A lo mejor por mi impostación (quizá impostura) filosófica, la renuncia a la palabra propia me resulta especialmente indeseable. Esto no es la muerte del autor que teorizaron Barthes o Foucault, donde el autor existía primero, al menos de forma mítica.
Acá el autor nunca llega a morirse porque nunca nace. La efectividad de la cuestión es que se trata de un discurso vacío, banal en su sentido más radical: sin maldad ni intención, sólo ausencia de pensamiento, y esa ausencia produce un discurso en que no se deja ver absolutamente nadie. Imagínese usted, además, que ese discurso forma parte del sistema general de los discursos de nadie.
Quiero decir, de la esfera de la palabra producida de por IA y no leída por nadie. Si uno ya imagina qué cosa escribió ese mamarracho prostético, ¿para qué se molestaría en leerlo?

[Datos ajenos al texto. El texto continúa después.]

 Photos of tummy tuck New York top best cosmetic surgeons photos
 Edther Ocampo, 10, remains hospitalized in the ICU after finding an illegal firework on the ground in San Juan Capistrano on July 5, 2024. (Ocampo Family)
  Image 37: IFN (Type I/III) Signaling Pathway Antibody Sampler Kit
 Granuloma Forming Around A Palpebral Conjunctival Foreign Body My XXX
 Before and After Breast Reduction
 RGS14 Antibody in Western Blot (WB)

Estamos en el mundo en que el aparecer demuestra el nadie-por-aquí, nadie-por-allá de nuestras escrituras y lecturas cotidianas.

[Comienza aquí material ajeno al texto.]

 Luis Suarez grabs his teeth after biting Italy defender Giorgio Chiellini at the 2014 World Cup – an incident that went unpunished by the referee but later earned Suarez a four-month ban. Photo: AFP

Pero uno quiere leer personas del otro lado, que piensan y sienten, que se esfuerzan por poner su palabra, que dan cuenta del peso del argumento en lo que dicen y del peso de una vida en lo que hablan.
Esto es, escritura donde la existencia misma está en juego.
Frente a un panorama así, al menos a mí, con mi impostación/impostura, me parece que existe un espectro virtuoso que fomentar. Si el problema es el aparecer compulsivo, la virtud tiene que ser, necesariamente, su contrario. Me refiero a la capacidad de sostener interiormente el no-aparecer, de no ser nadie por un rato, de que nadie hable de nosotros, que no seamos interesantes ni hayamos escrito tan bien.
Una virtud muy paradójica, contra-intuitiva, pero apropiada para los tiempos que corren: desaparecer. No sé si se trataría de otra forma de orgullo, tampoco me importa. Habría que volver a la habitación de Pascal y estar solos, sin más que las ideas que nos asolan o alegran, qué más da.
Pero mucho aparecer a uno le hace mal al estómago.
Y no se vaya a creer usted que a los demás, que tienen que leer el vómito prostético de la máquina, esto les parece muy lúcido.